▶ [What to produce]: In the listing below, start your output at the line with "61030826 :رقم المزاد" and end it after the line with "CDG Converse Crème Bright Red Shoes Fem 9", copying every line exactly.

▶ [Given data]:
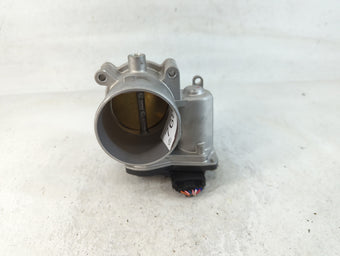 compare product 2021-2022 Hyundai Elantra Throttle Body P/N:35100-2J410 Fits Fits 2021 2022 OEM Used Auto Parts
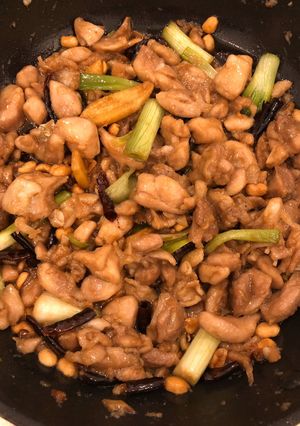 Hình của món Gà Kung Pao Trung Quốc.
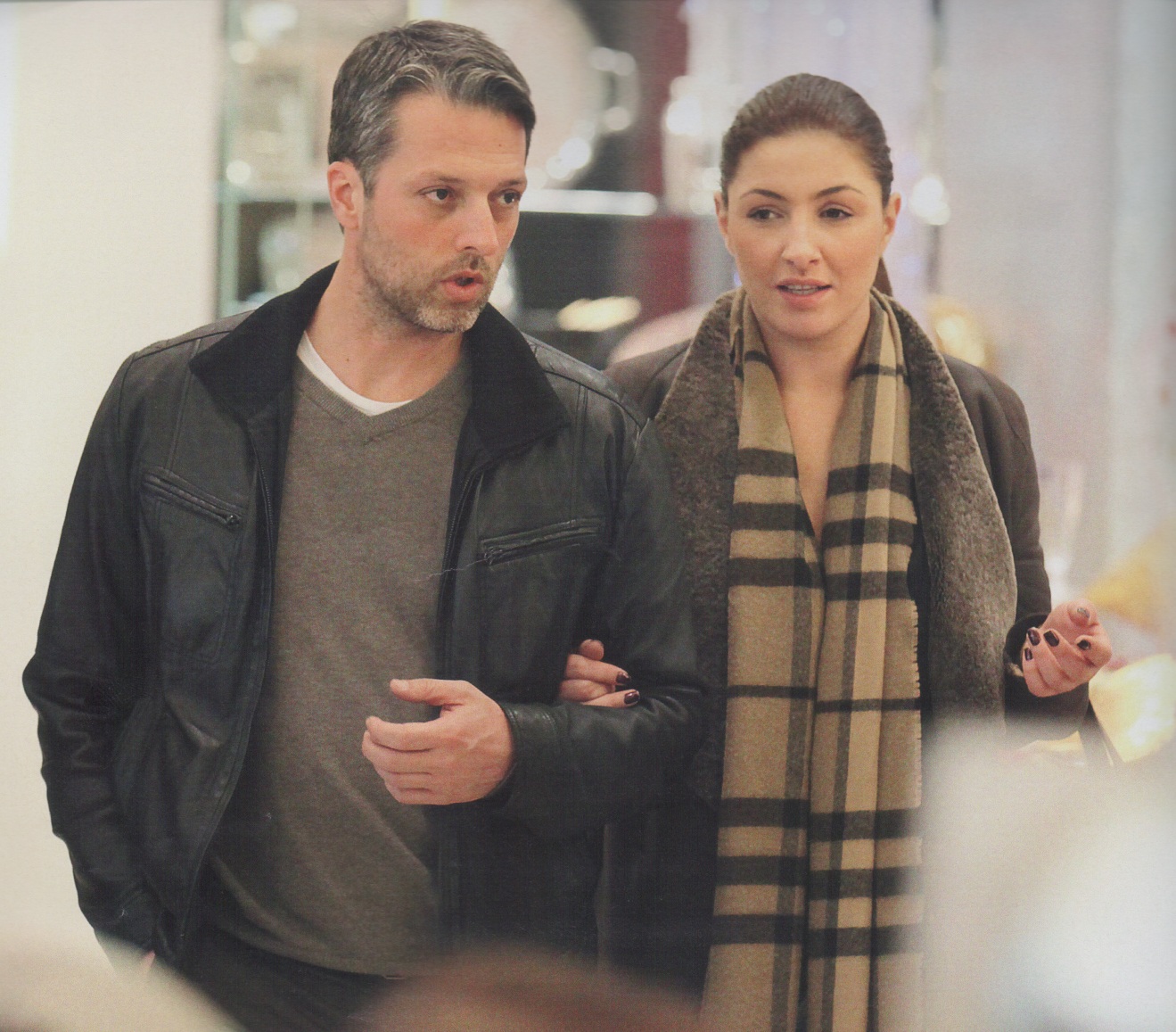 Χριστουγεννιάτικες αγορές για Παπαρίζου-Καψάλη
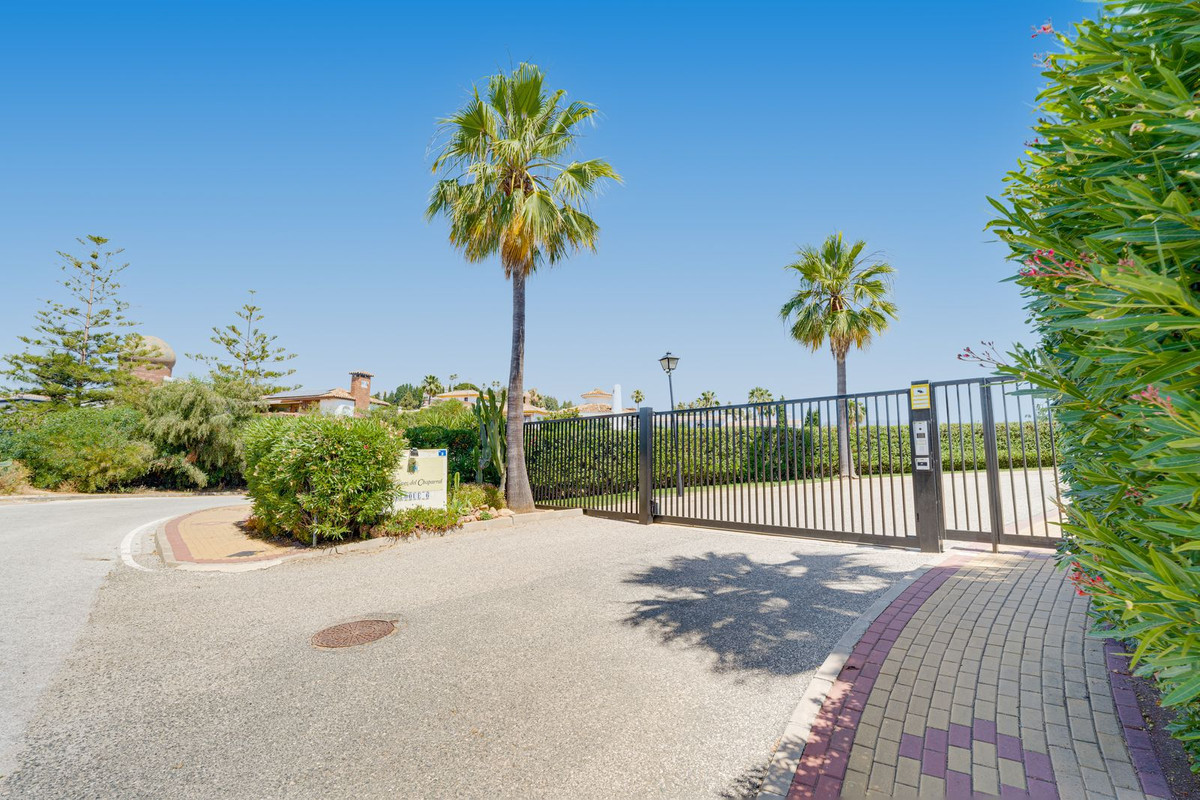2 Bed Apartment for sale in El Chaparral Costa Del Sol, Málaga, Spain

* * *

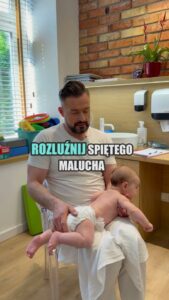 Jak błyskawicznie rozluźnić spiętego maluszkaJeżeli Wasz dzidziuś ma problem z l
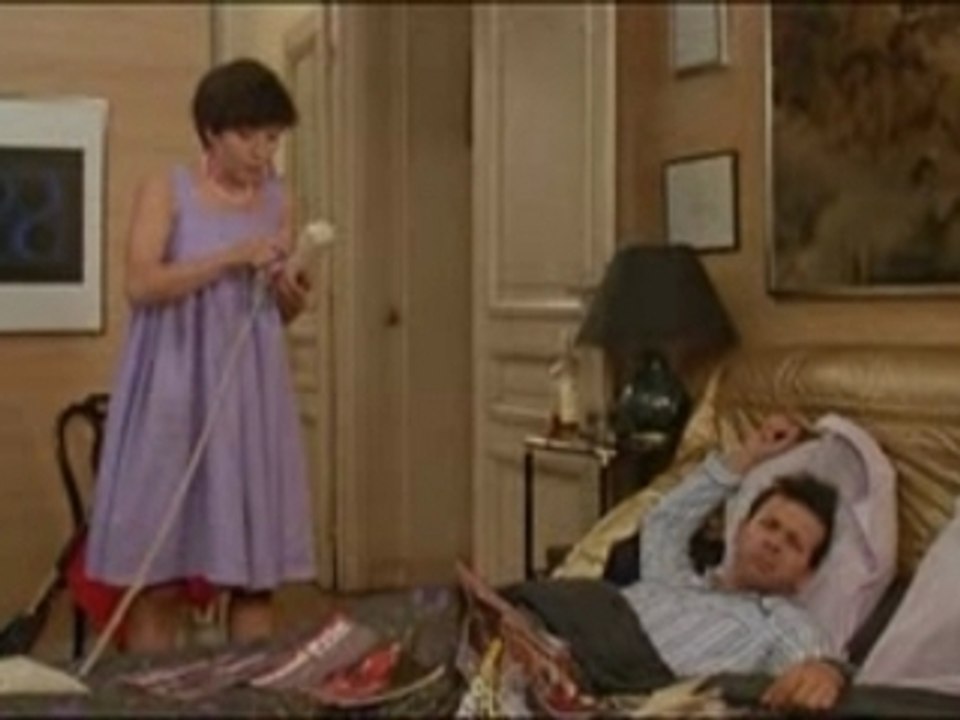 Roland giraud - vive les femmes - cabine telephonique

---

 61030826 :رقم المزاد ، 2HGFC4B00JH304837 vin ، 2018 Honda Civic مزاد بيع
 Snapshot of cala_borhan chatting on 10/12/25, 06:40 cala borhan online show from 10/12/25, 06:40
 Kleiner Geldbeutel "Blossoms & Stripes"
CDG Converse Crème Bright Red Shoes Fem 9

▶ [Task response]:
 61030826 :رقم المزاد ، 2HGFC4B00JH304837 vin ، 2018 Honda Civic مزاد بيع
 Snapshot of cala_borhan chatting on 10/12/25, 06:40 cala borhan online show from 10/12/25, 06:40
 Kleiner Geldbeutel "Blossoms & Stripes"
CDG Converse Crème Bright Red Shoes Fem 9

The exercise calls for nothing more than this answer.